The New York Post boasted in a headline on Sunday that, “Ukraine’s surprise strike deep in Russia — an excellent way to push Putin to talk peace.” The headline might be the dumbest in the tabloid’s 124 year history.

The Post and other parts of the uniparty’s pro-war bandwagon have long sought a bigger war and ever-greater U.S. involvement in order to stick it to Russia. On Sunday, they got their wish, with Ukraine executing a long-planned operation that reportedly disabled dozens of nuclear bombers deep inside Russia that comprise a crucial part of Moscow’s nuclear triad—the same combination of submarines, missiles, and bombers that the United States uses to deter nuclear war.

It would be as if a foreign power armed with Russian materiel and intelligence destroyed a significant portion of America’s nuclear-capable B-2 and B-52 bombers. How would we react? Would we reach for the peace pipe or respond with fury?

Upsetting this balance of deterrence is extremely reckless and harmful to the interests of the United States. Russian military doctrine provides for the preemptive use of nuclear weapons if an adversary appears to be using conventional means to undermine its first and second-strike nuclear capabilities.

Russia will react aggressively—perhaps with greater ferocity than it has employed since World War II. Contrary to the New York Post’s make-believe about what Russia does when it is attacked, the decision by Ukrainian leader Volodymyr Zelensky to authorize this assault has made a peace deal more difficult to reach than ever—which was probably his motive in the first place.

Undermining Russia’s nuclear deterrence doesn’t help Ukraine on the battlefield where it is slowly losing a battle of attrition with Russia. Instead it is another political move—similar to but more more provocative than Ukraine’s failed and enormously costly invasion of Russia’s Kursk region.

How will Russia react?

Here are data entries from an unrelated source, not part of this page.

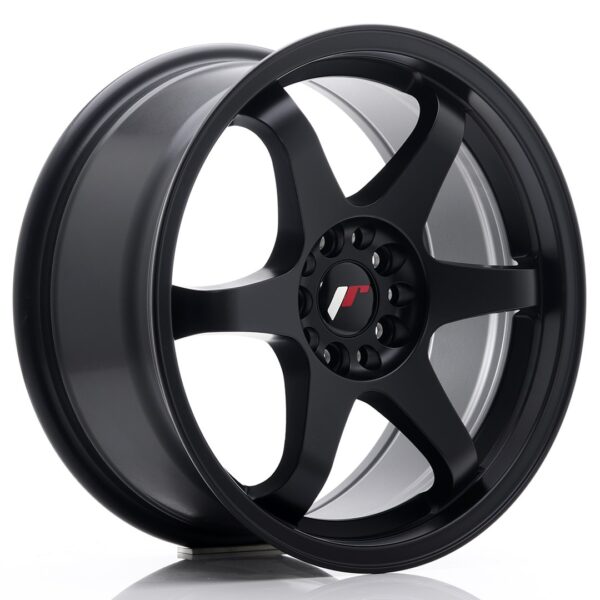 Valuvelg Japan Racing JR3 17×8 ET35 5×100/114 Matt Black JR3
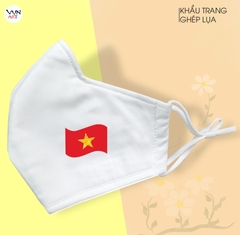 KHẨU TRANG QUỐC KỲ VIỆT NAM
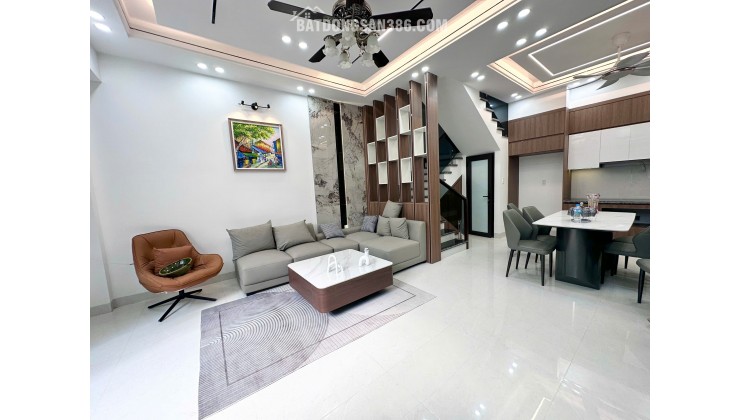 BÁN NHÀ 3 TẦNG MỚI ĐẸP AN DƯƠNG 1 - SÁT TRUNG TÂM - 3,15 TỶ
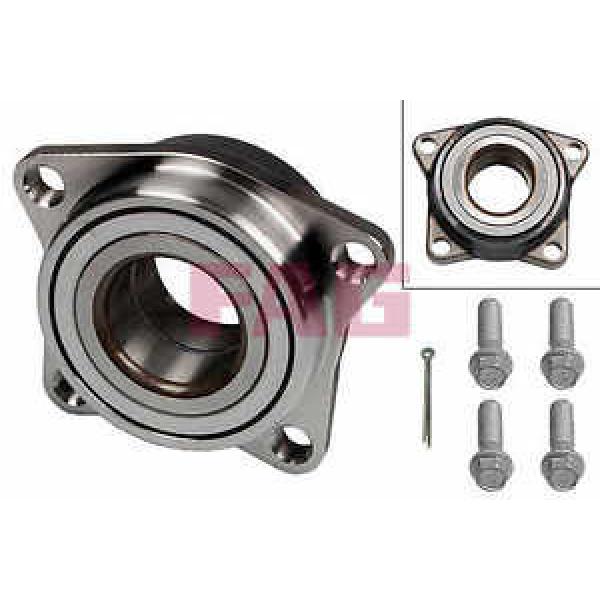 Wheel Bearing Kit fits MITSUBISHI SPACE WAGON 2.0 Front 98 to 04 713619430 FAG #5 image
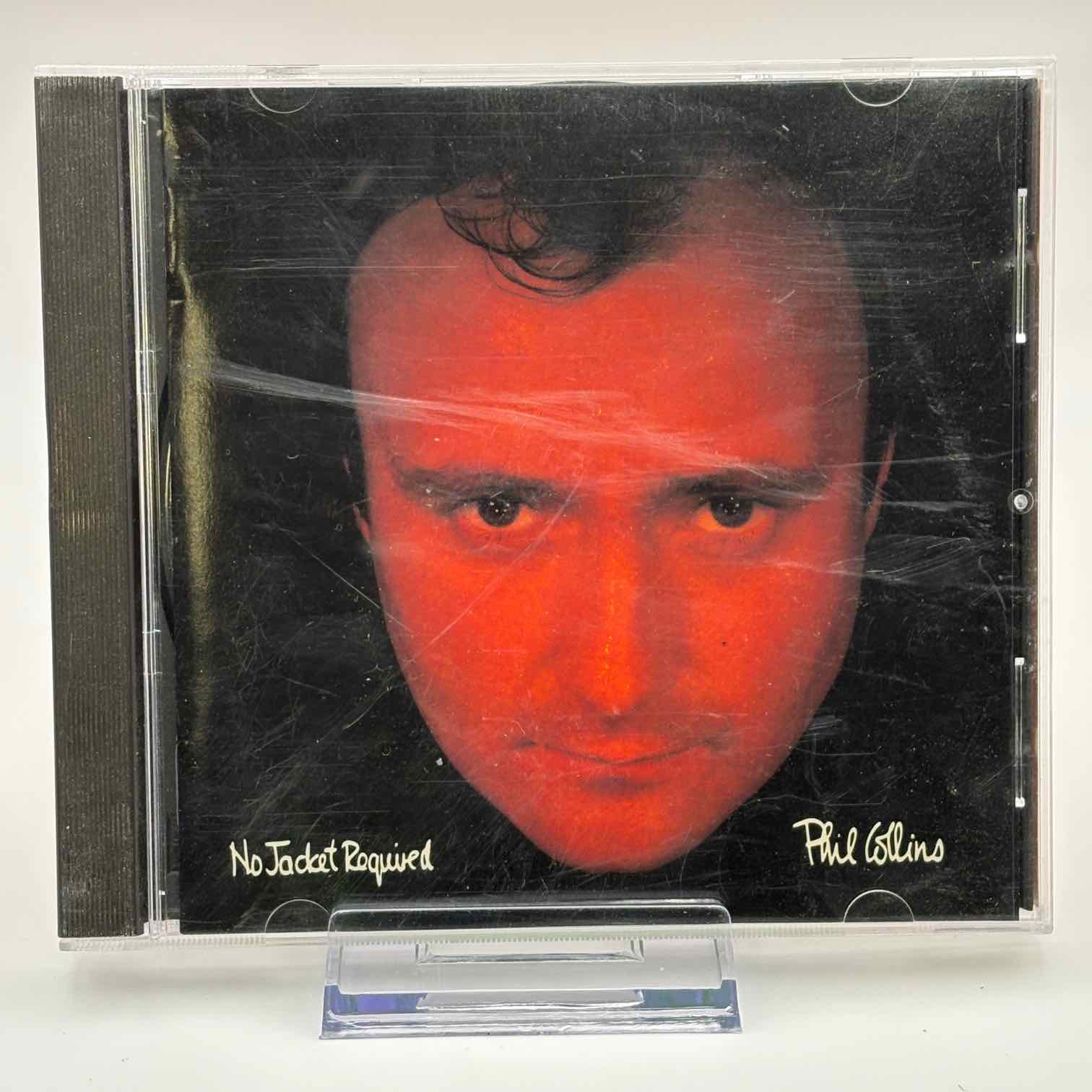 Phil-Collins--No-Jacket-Required-Used-CD
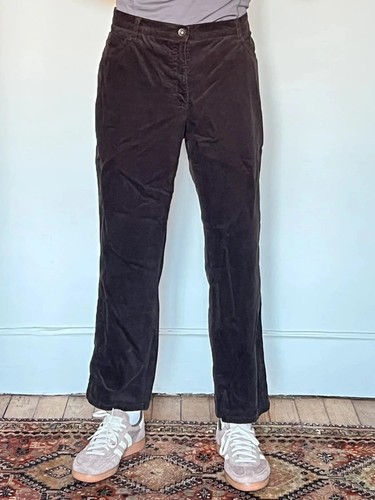 Pantalon coupe large - , en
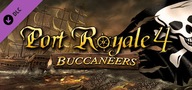 Port Royale 4 – Buccaneers - KLUCZ Steam PC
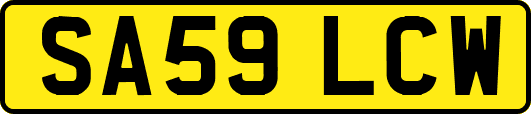 SA59LCW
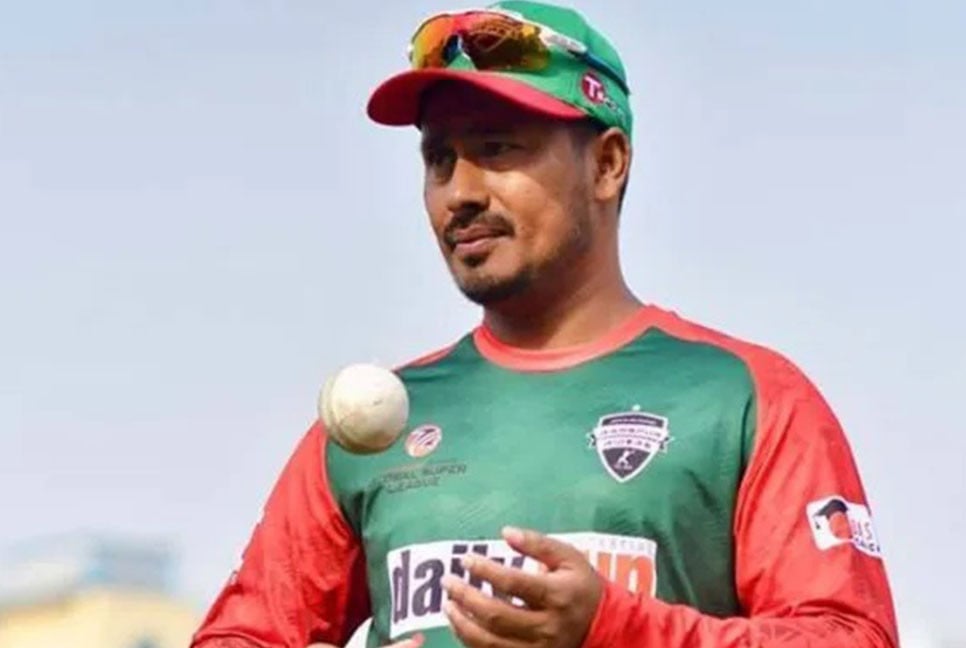 বরিশালের কোচের দায়িত্বে আশরাফুল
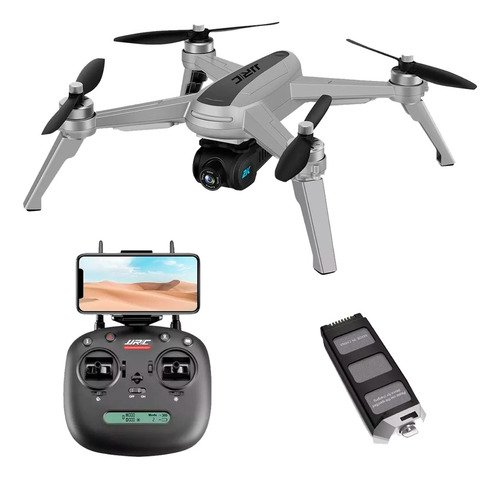 Imagen 1 de 10 de Drone Jjrc X5 Epik Pro Camara 2k Gps 5g Wifi Fpv Follow Me !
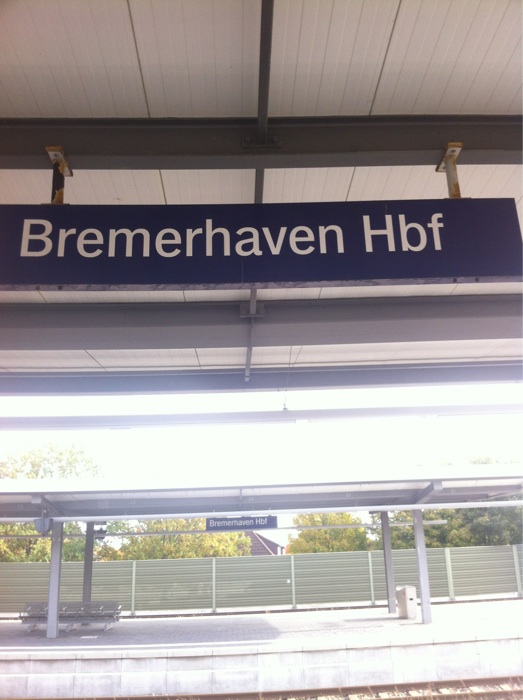 Bild 3 ServiceStore DB - Bahnhof Bremerhaven Hbf in Bremerhaven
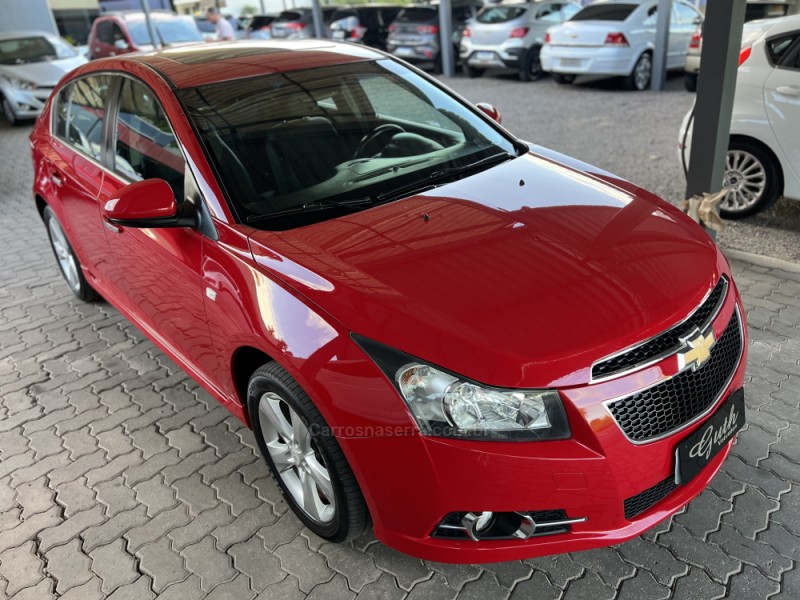 CRUZE 1.8 LTZ SPORT6 16V FLEX 4P AUTOMÁTICO - 2014 - BOM PRINCíPIO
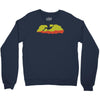 climbing rocks wall climb indoor outdoor Crewneck Sweatshirt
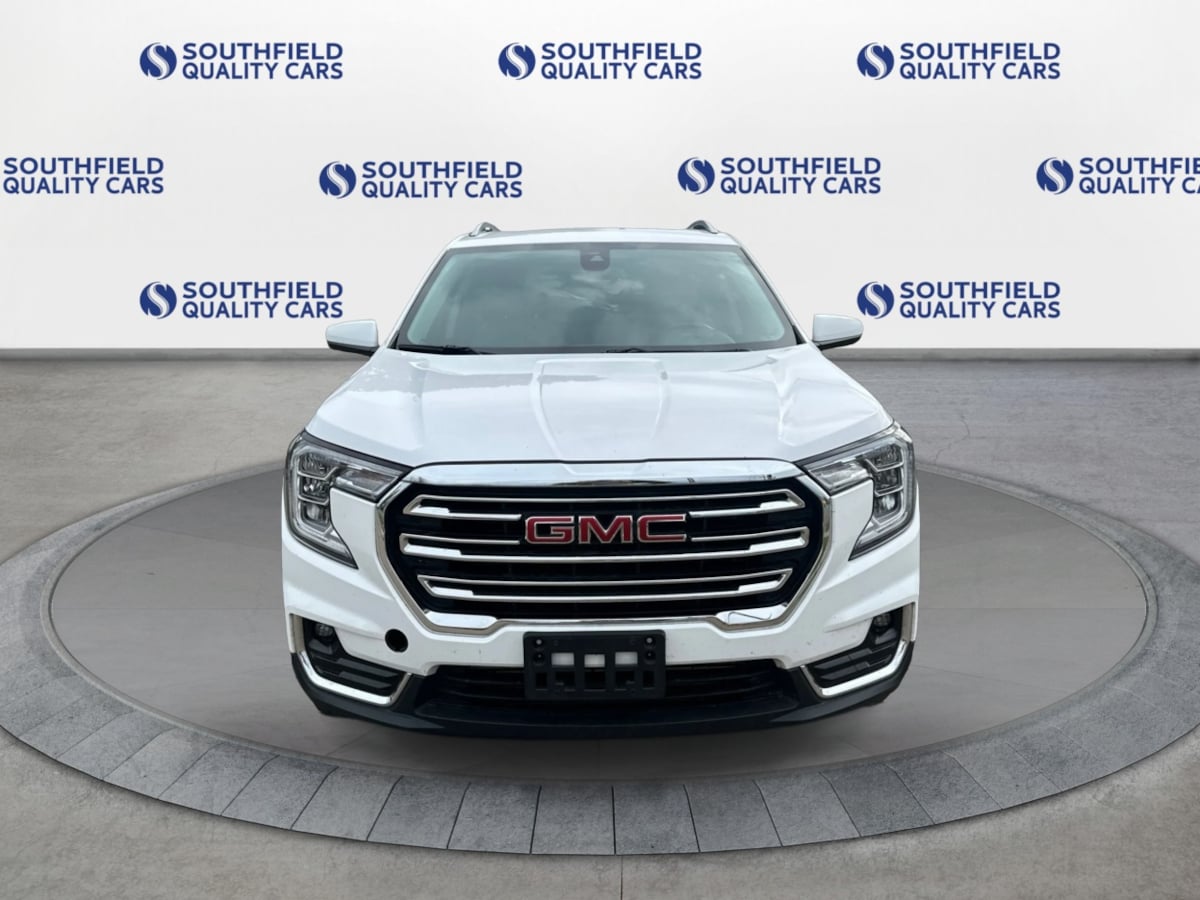 2023 Gmc Terrain SLT photo 8
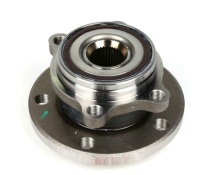 Подшипник ступицы (передней) VW Caddy III/Golf V 03- (4 болта) Подшипник ступицы (передней) VW Caddy III/Golf V 03- (4 болта)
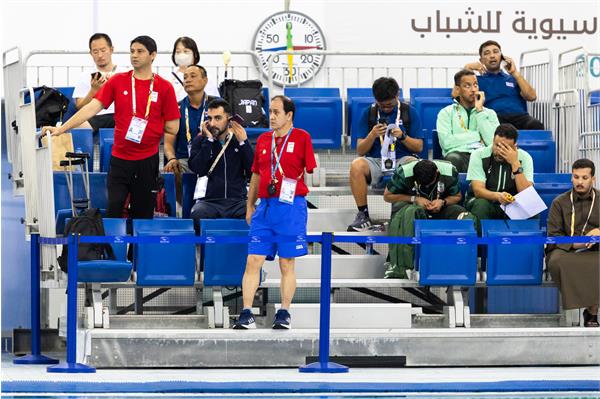 Para Swimming Hadi Hirbodvash 42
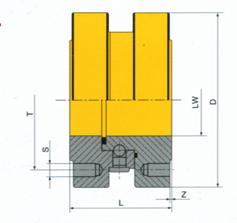 XKGL-06法兰式连接旋转管接头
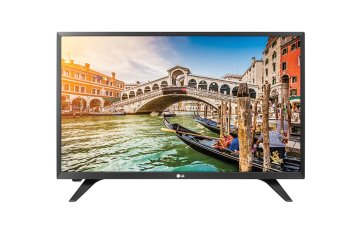 LG 28TK420V-PZ TV 69,8 cm (27.5") HD Nero 250 cd/m²
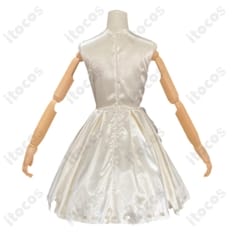 Identity V 第五人格 少女 記憶パンドラ衣装 高再現でイベント・撮影に最適なセット - 4枚目の画像（サムネイル）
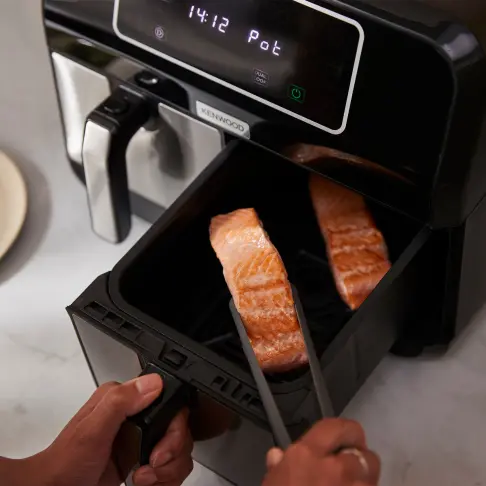 Airfryer KENWOOD HFM20.000MB - 3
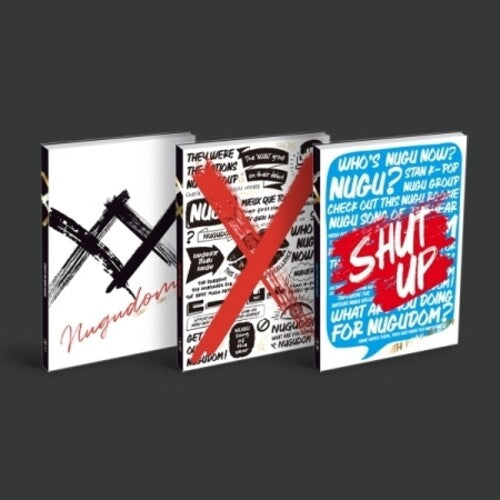 Craxy: Xx - incl. Postcard, Mini-Poster, 2 Stickers, Selfie-Photocard + Signed Polaroid - COMPACT DISCS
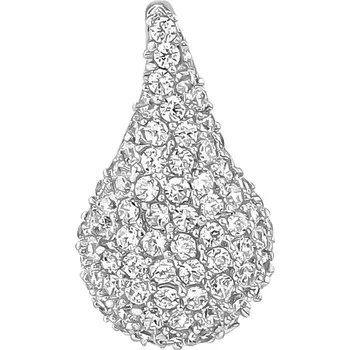 Přívěsek Stříbrný přívěsek kapka Teara s Brilliance Zirconia FW16842PS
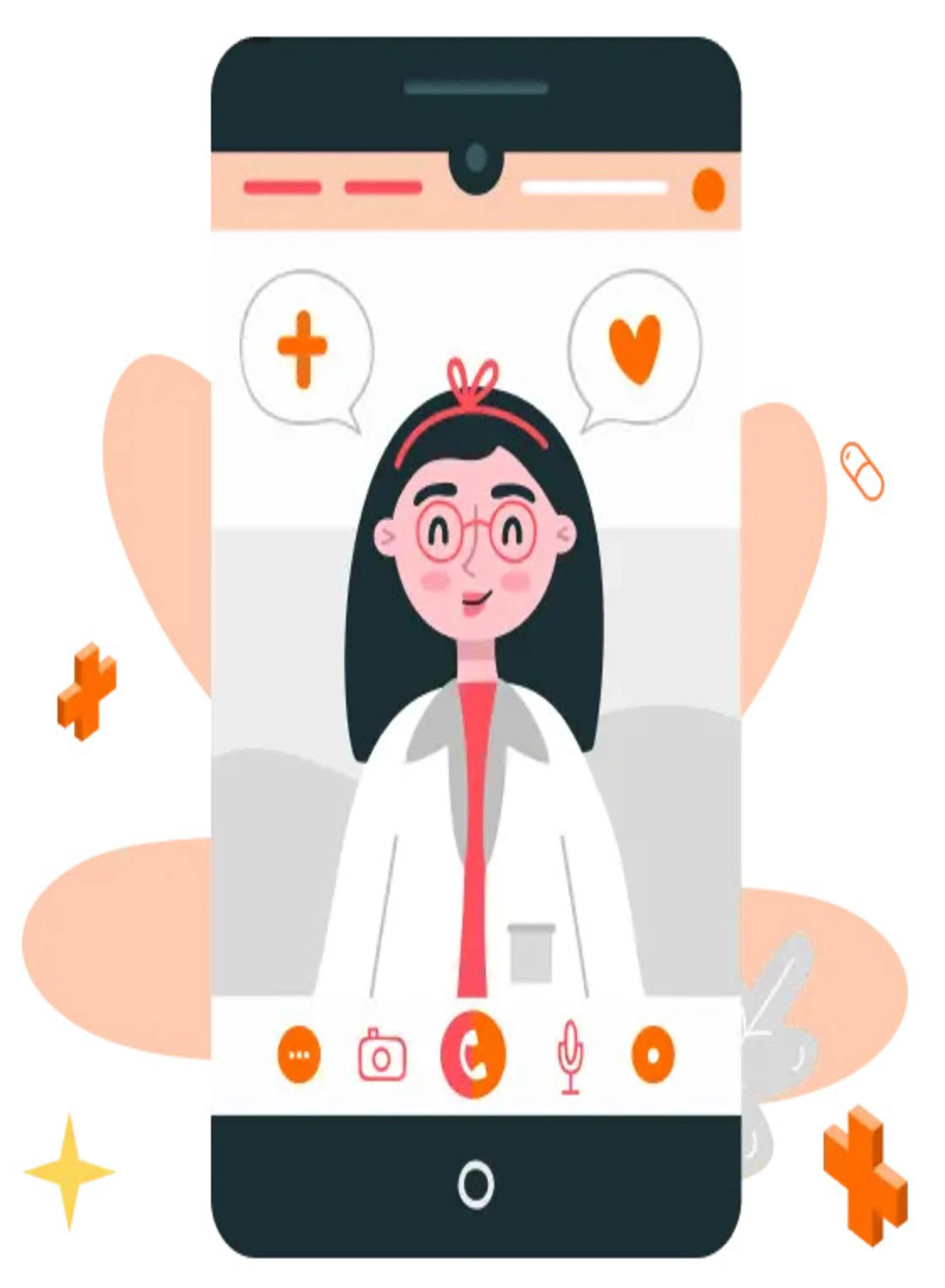 Telemedicine App Development Company | Agicent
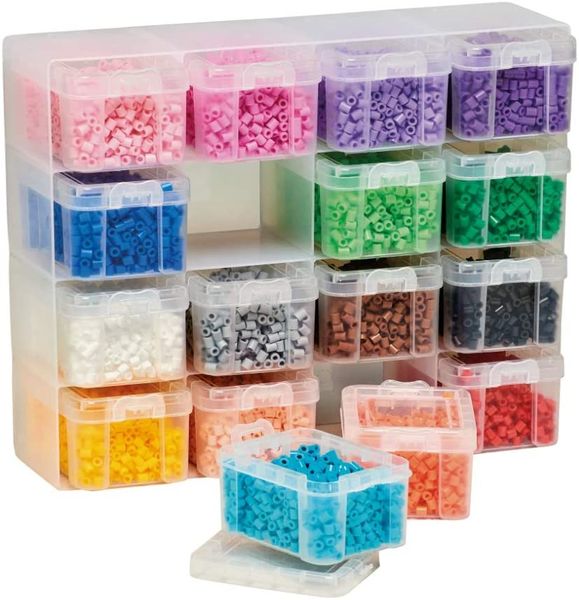 Produktbild: Hama Perlen - HAMA Superbox, gefüllt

Thankfully, there is still a relatively low probability that Russia will use one or more nuclear weapons against Ukraine or the NATO countries that supply Ukraine like Germany and Poland. But the probability is greater than zero.

More likely, Russia will retaliate with massive assaults on Ukrainian cities where civilians will pay the highest price. Zelensky has probably also calculated that this will force the hand of President Donald Trump to reopen to the full channel of Biden-era payola to Kiev to continue the war indefinitely.

The Brits, Germans, and French will make Zelensky’s case. After much begging and pressure, Germany’s highly unpopular Chancellor Friedrich Merz — only 21% of his own people think he is trustworthy —is set to visit the White House on June 5—somewhat inappropriately given that the following day is the anniversary of D-Day, when Americans and other allies faced slaughter in opening the western front liberation of Europe from the second massive European war Germany started (or the third if you count the Franco-Prussian War).

Merz has vowed Germany and the United States will give Ukrainians more weapons to strike deeply into Russia. He will lie to Trump about how Germany is devoting $569 billion in new funds to bolster European defense, defined so broadly that it can be spent on climate nonsense and will materialize only over 10-12 years (but actually never). Germany previously vowed $114 billion in additional military spending when the Ukraine War started but welshed on its promise. His new offer is just as fictitious from a country in political and economic crisis. Berlin has every expectation Washington will continue to cash the military checks it writes just as Germany and the rest of the European Union continue to screw the United States on trade.

Back in Washington, Trump said the United States did not have foreknowledge of Ukraine’s attack. Secretary of State Marco Rubio had a phone conversation with his Russian counterpart, Sergey Lavrov. These are comforting developments, especially since the administration has previously let a succession of officials swing away at parts of the U.S.-Russia relationship, including Steve Witkoff, fresh off of failing to “solve” Gaza, and Keith Kellogg, the dotard former general who has advocated reckless escalation with Russia of the sort that Zelensky put into motion on Sunday.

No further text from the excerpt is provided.